| DESCRIPTION OF THE TASK |
The expected output is exactly the lines below, starting at the line with "Hintergrundtextur von Limes" and ending at the line with "Tbilisidə ulu öndər", both included; no other line belongs in it.
[RECORDS FOR THIS EXERCISE Boundary: Start]
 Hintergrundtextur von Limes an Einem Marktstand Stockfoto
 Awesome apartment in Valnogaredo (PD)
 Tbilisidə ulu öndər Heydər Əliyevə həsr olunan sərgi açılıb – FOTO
[RECORDS FOR THIS EXERCISE Boundary: End]
[RECORDS FOR THIS EXERCISE Boundary: Start]
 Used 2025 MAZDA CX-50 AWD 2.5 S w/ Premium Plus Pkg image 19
[RECORDS FOR THIS EXERCISE Boundary: End]
| OUTPUT OF THE TASK |
 Hintergrundtextur von Limes an Einem Marktstand Stockfoto
 Awesome apartment in Valnogaredo (PD)
 Tbilisidə ulu öndər Heydər Əliyevə həsr olunan sərgi açılıb – FOTO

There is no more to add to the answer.